De acordo com o profissional, o sangue na urina (hematúria) é o sinal mais frequente, que pode estar associado com dor ou ardência para urinar, urgência miccional, outros sintomas, mais raros, são dor lombar ou dor na barriga. “É importante ressaltar que esses sintomas não são exclusivos do câncer de bexiga, eles podem ocorrer em infecções urinarias, e cálculos no trato urinário. Deve-se diferenciar tumor de bexiga de outras doenças”.
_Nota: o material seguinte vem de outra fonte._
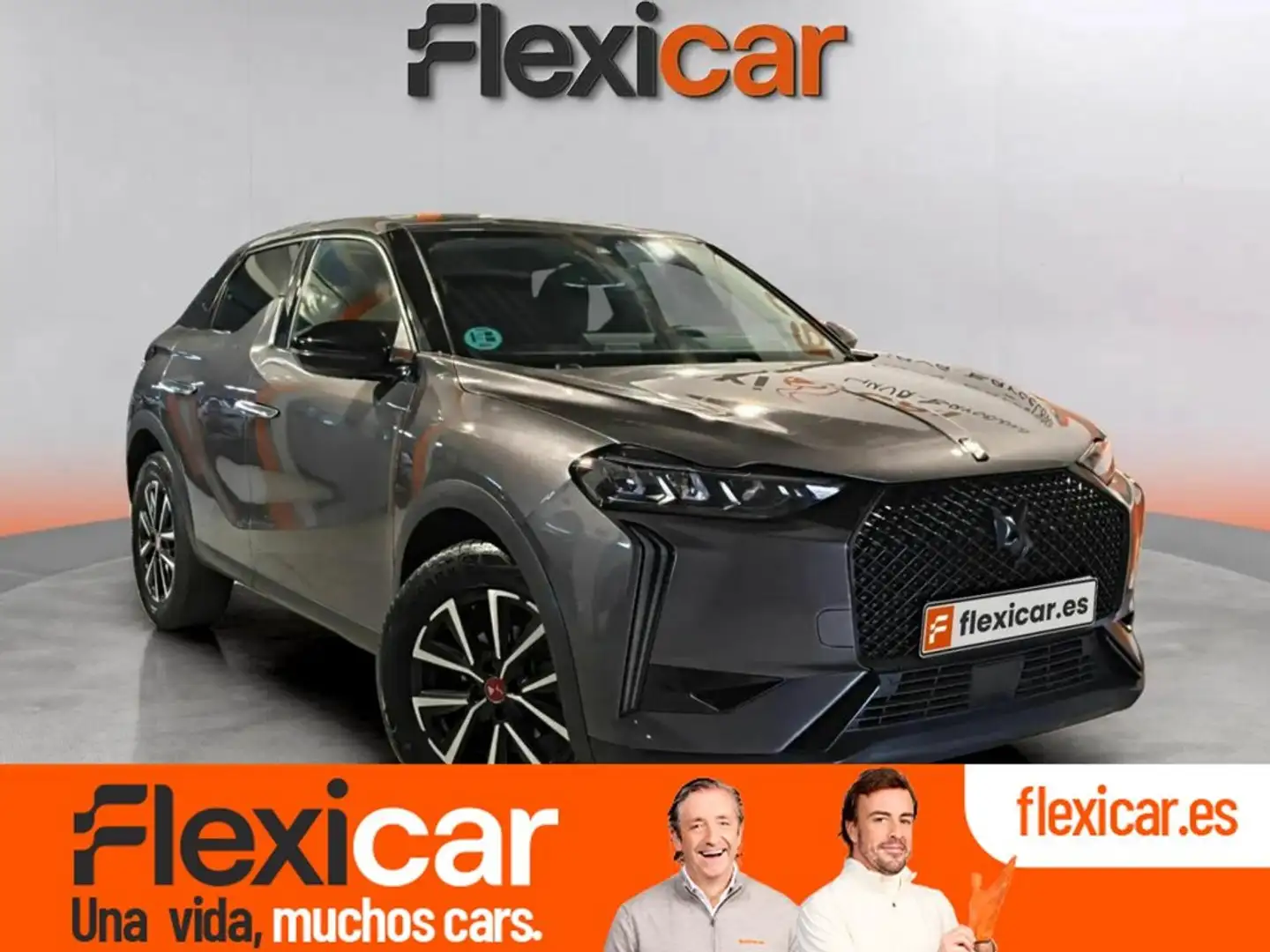 DS Automobiles DS 3 PureTech 96kW Performance Line Auto. Gris - 1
Hoffmann afirma que: “a detecção precoce é a melhora estratégia para encontrar a doença na fase inicial. A investigação pode ser feita por exame clínico, laboratorial e imagem. Não há evidência que o rastreamento traga mais benefícios do que riscos, e, portanto, até o momento não é recomendado!”.

Segundo o especialista em urologia, o diagnóstico de câncer de bexiga pode ser feito através do exame de urina, ou de imagem, como ultrassonografia ou tomografia. “Outro exame que pode auxiliar no diagnóstico é a Cistoscopia, exame que consiste em utilizar uma câmera para visualizar a bexiga por dentro, durante o procedimento também pode realizar biopsia de alguma alteração que possa ser duvidosa”.

TRATAMENTO

O tratamento, explica o médico, vai depender do grau de evolução da doença. Existem três tipos de cirurgias que podem ser realizados: a ressecção transuretral, onde se retira o tumor por via uretral.

Em casos mais avançado pode-se realizar a cistectomia parcial, retira-se uma parte da bexiga, e, também, a cistectomia radical. “Após a cirurgia pode-se receitar tratamentos adicionais com terapias intravesicais, radioterapia ou quimioterapia”.

Hoffmann frisa ainda que: “o risco de o tumor retornar existe, por isso é importante mesmo após realizar o tratamento ter um acompanhamento periódico com o médico”.